ASSIGNED TASK: Repeat, line for line, only the span that opens at the "Lot 41 - A 20th" line and closes at the final line below. Skip the pictures.

ENTRIES SUPPLIED:
┄┄┄┄┄┄┄┄┄┄┄┄┄┄┄┄┄┄┄┄

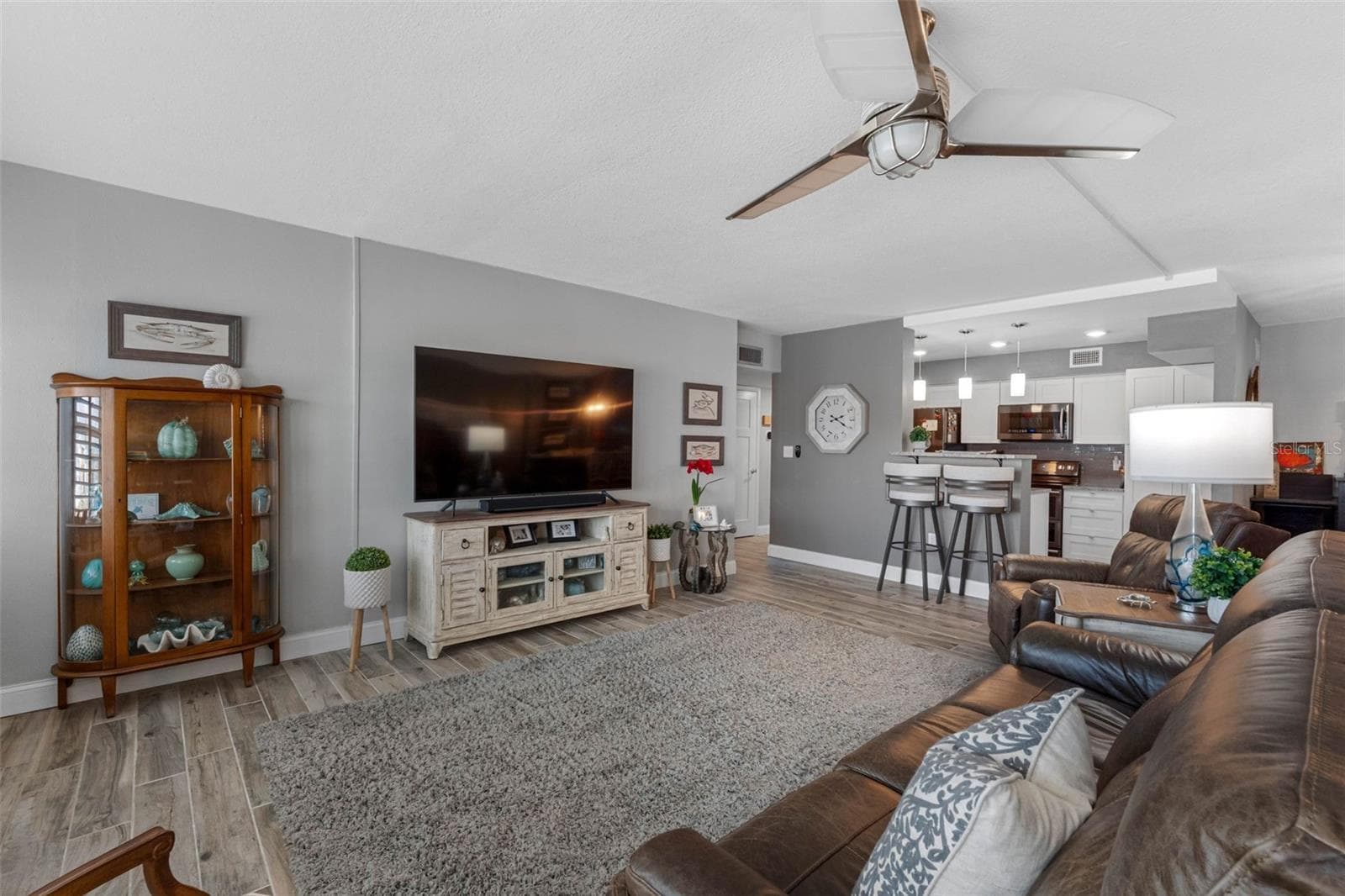 Great Room - 17400 GULF BLVD #I3, REDINGTON SHORES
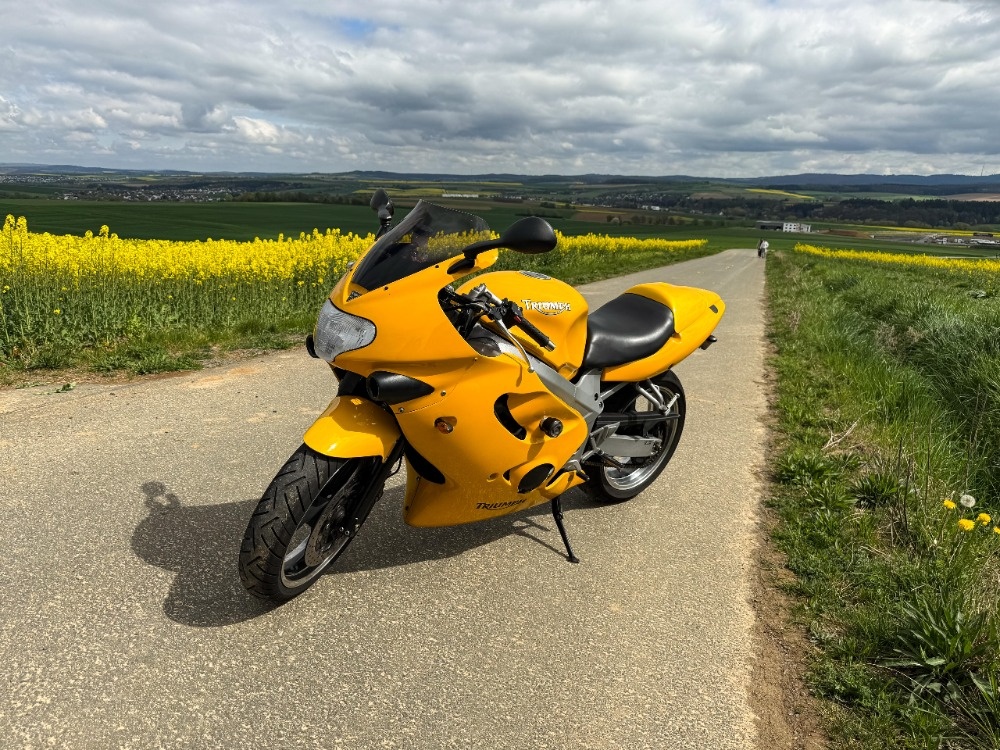 TRIUMPH TT 600 - 2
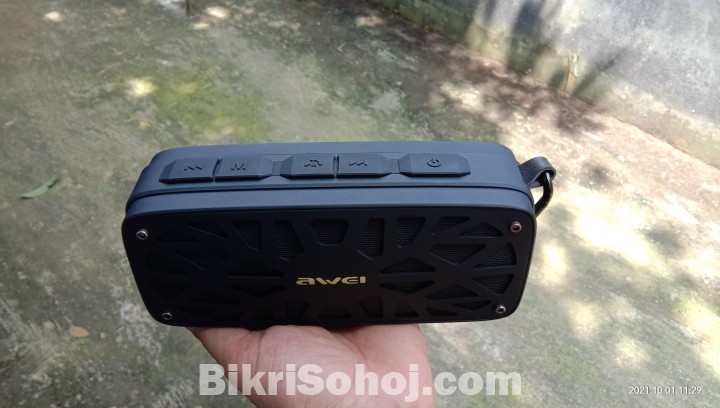 Awei Y330 Bluetooth Speaker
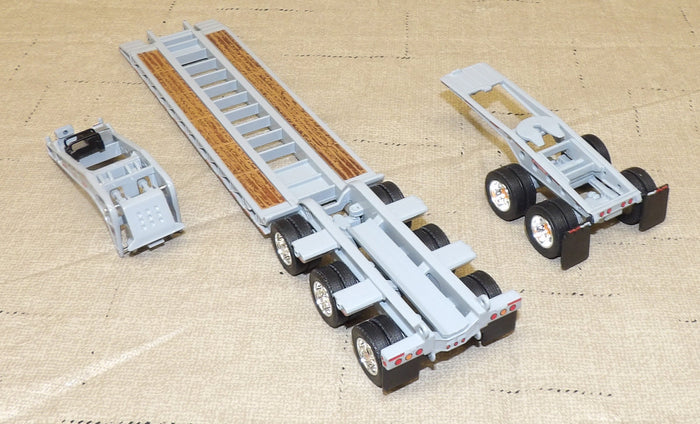 #622862 1/64 Gray Fontaine Magnitude Tri-Axle Lowboy Trailer with Jeep - No Box
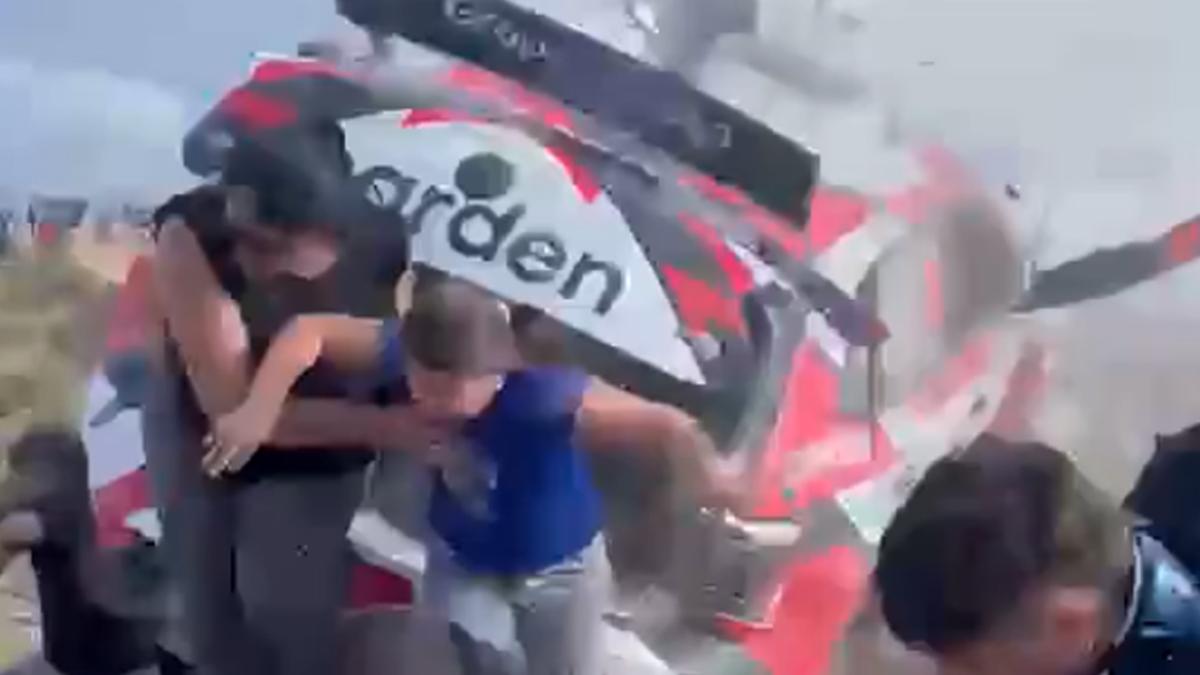 <![CDATA[Auto sale disparado contra el público del Rally Sudamericano dejando un muerto | VIDEO]]>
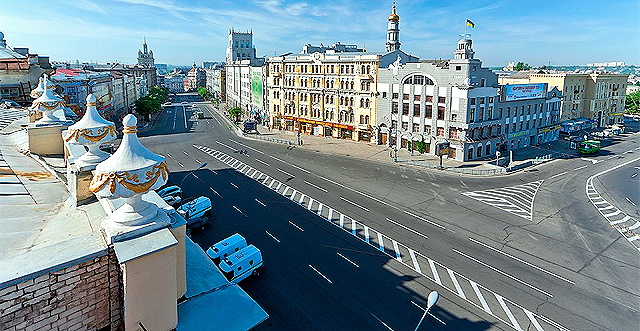 В субботу в центре Харькова машин не будет. Фото Паши Иткина. 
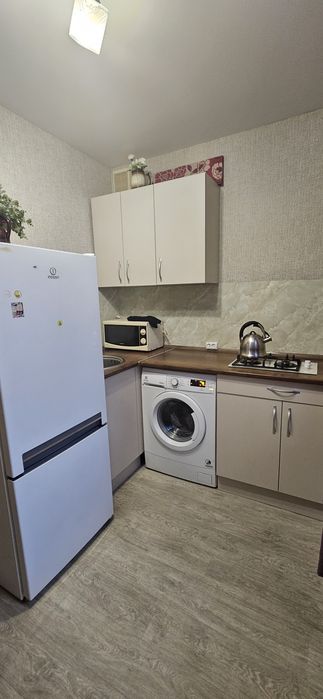 ПОСУТОЧНО  Одесская Зерновая ХНУВС Гагарина2 эт с балконом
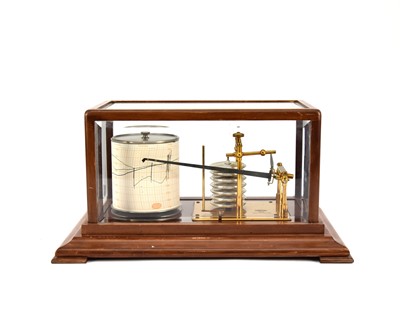 Lot 41 - A 20th century mahogany cased barograph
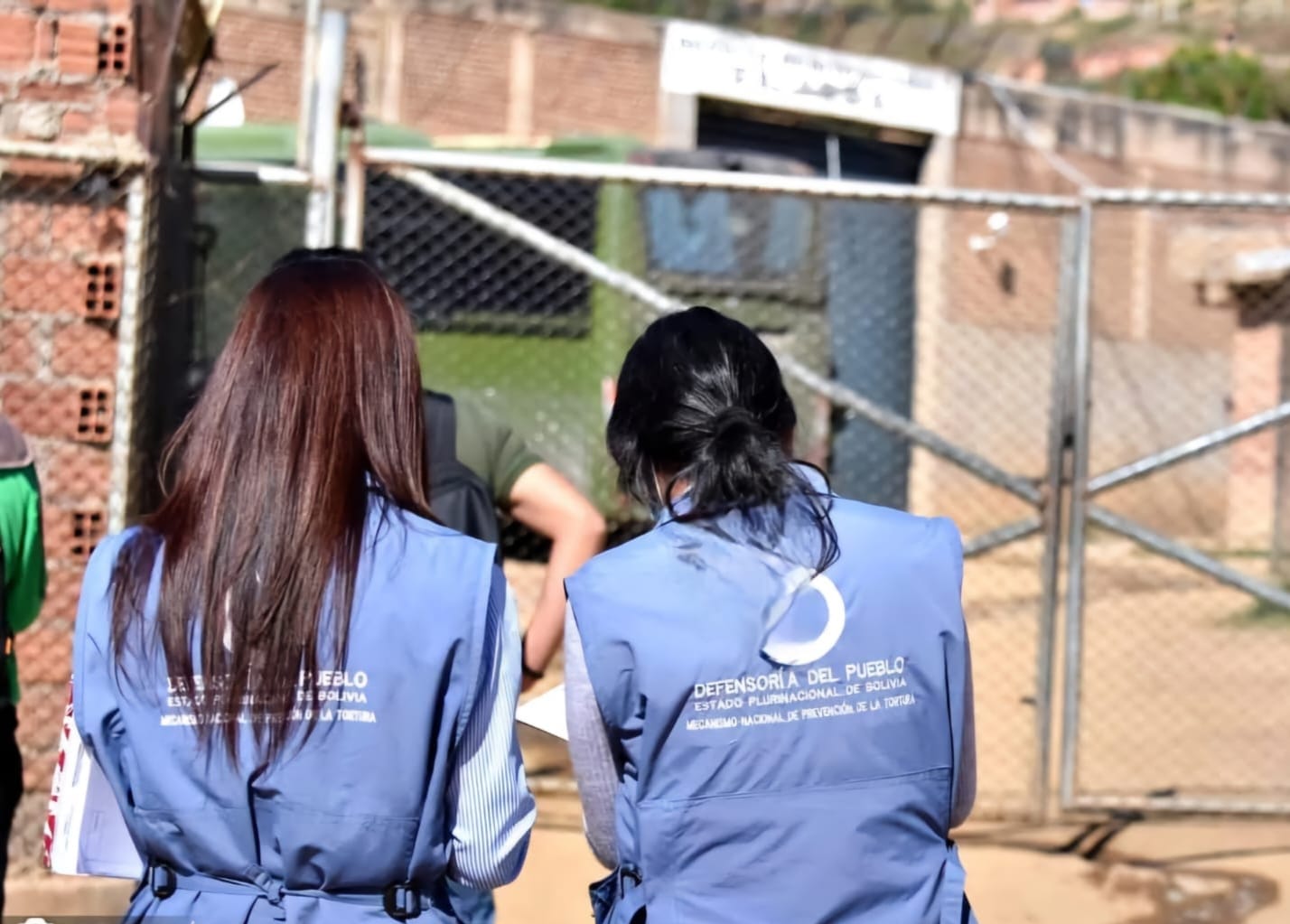 DEFENSORÍA DEL PUEBLO EXIGE REFORZAR LA SEGURIDAD AL INTERIOR DEL RECINTO PENITENCIARIO DE EL ABRA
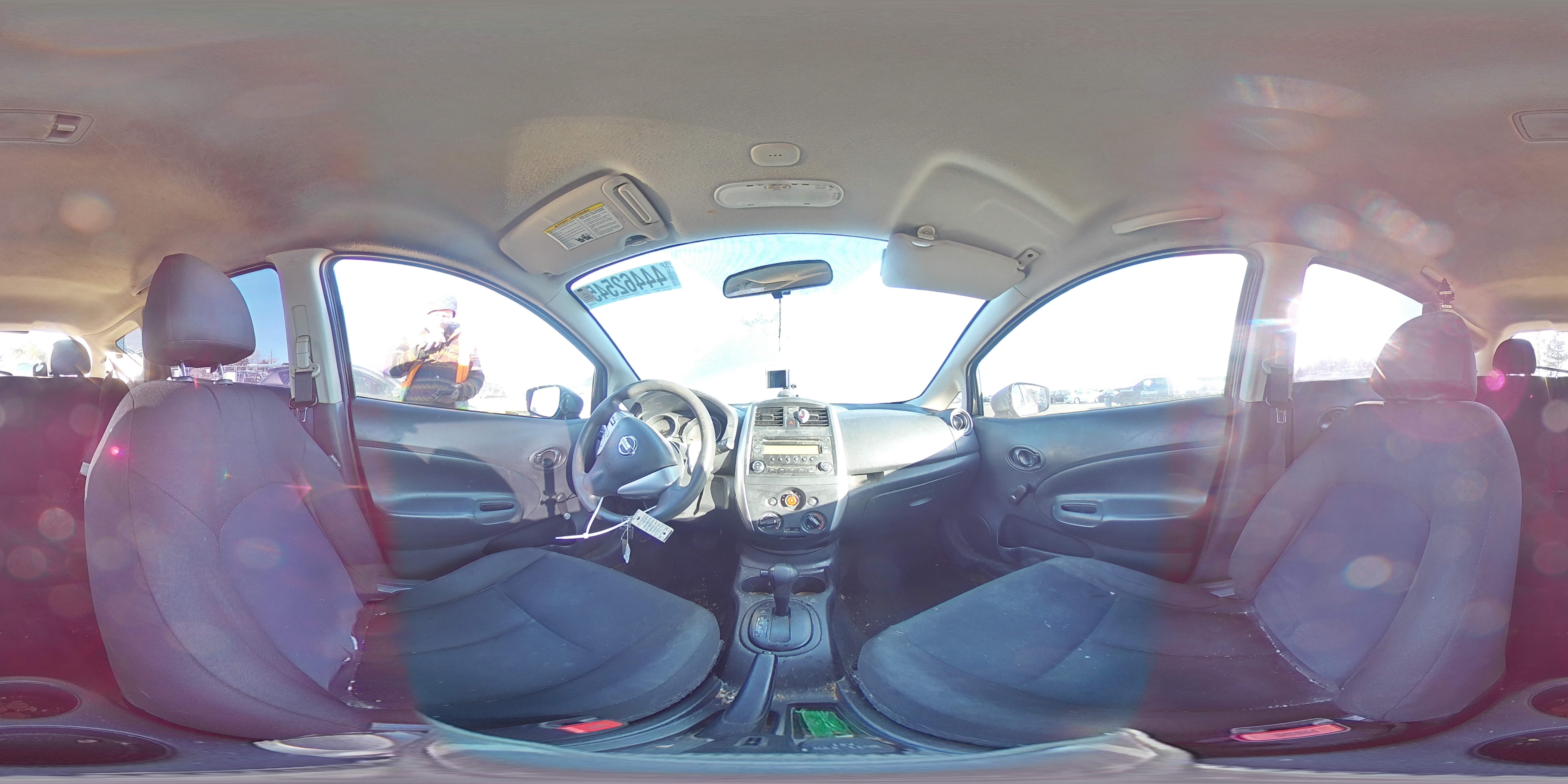 2016 Nissan Versa - Image 12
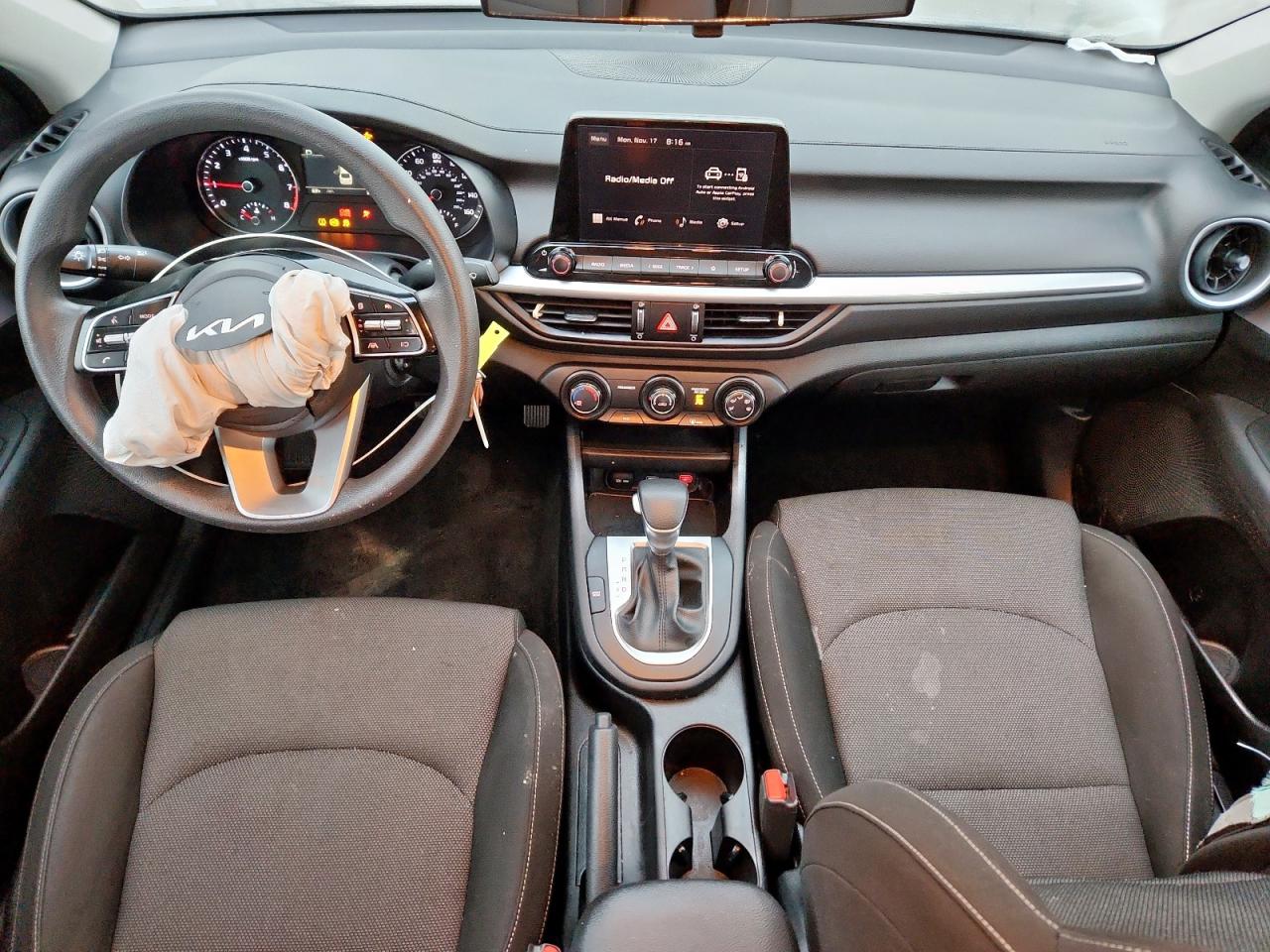 2024 Kia Forte Lx VIN: 3KPF24AD2RE737749 Lot: 93106415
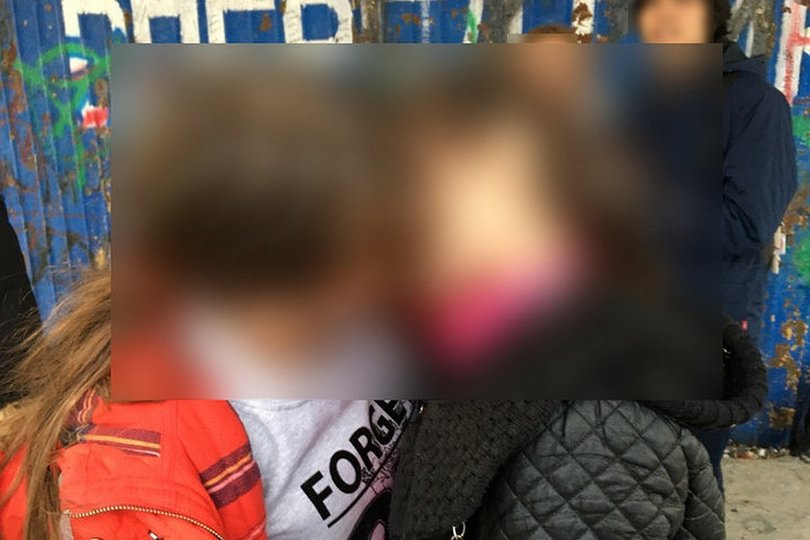 В Сеть попала фотография целующихся школьниц из Башкирии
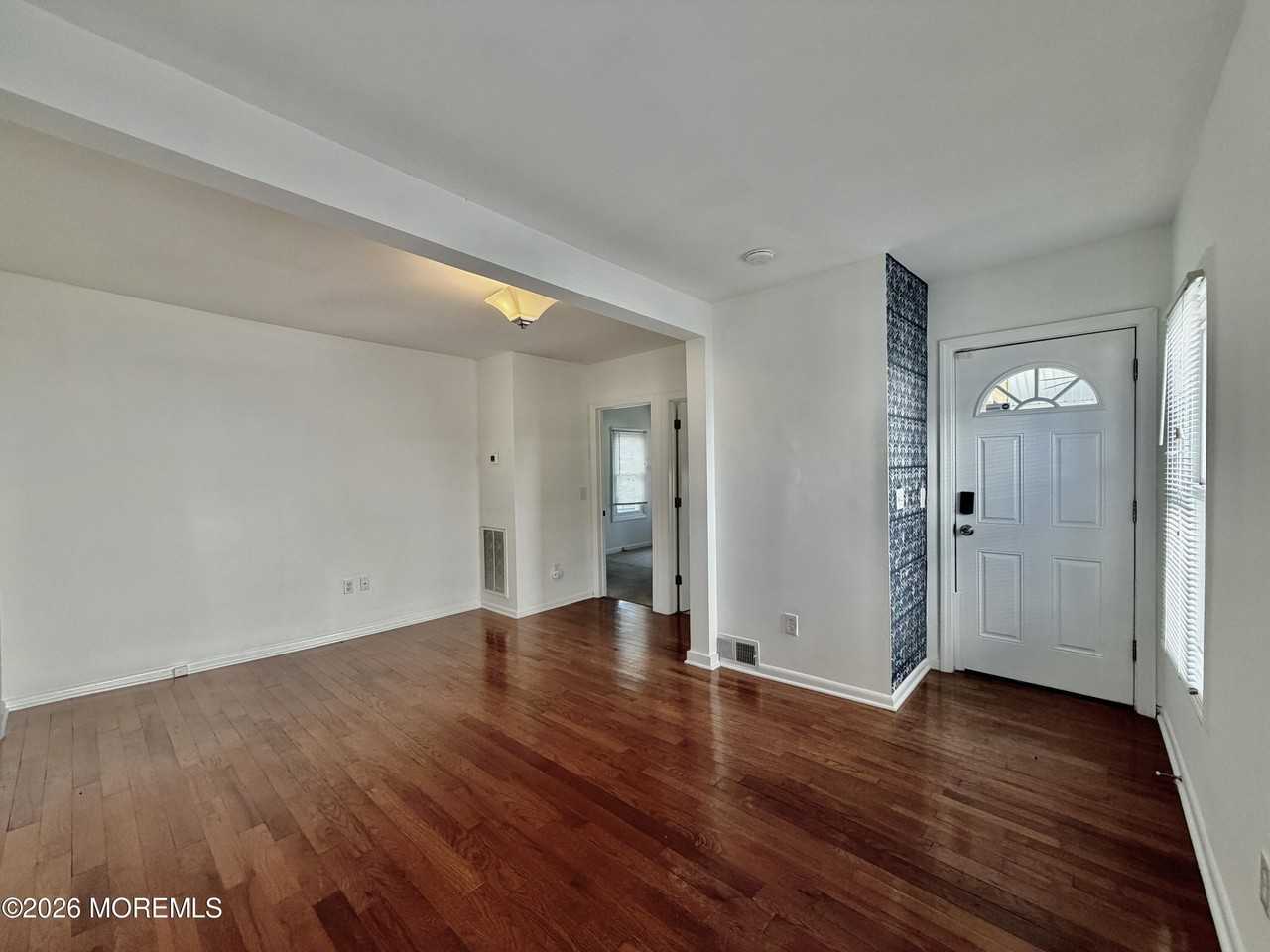 403 Park Place Ave #1 - Photo 4 of 19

┄┄┄┄┄┄┄┄┄┄┄┄┄┄┄┄┄┄┄┄

WRITTEN SOLUTION:
 Lot 41 - A 20th century mahogany cased barograph
 DEFENSORÍA DEL PUEBLO EXIGE REFORZAR LA SEGURIDAD AL INTERIOR DEL RECINTO PENITENCIARIO DE EL ABRA
 2016 Nissan Versa - Image 12
 2024 Kia Forte Lx VIN: 3KPF24AD2RE737749 Lot: 93106415
 В Сеть попала фотография целующихся школьниц из Башкирии
 403 Park Place Ave #1 - Photo 4 of 19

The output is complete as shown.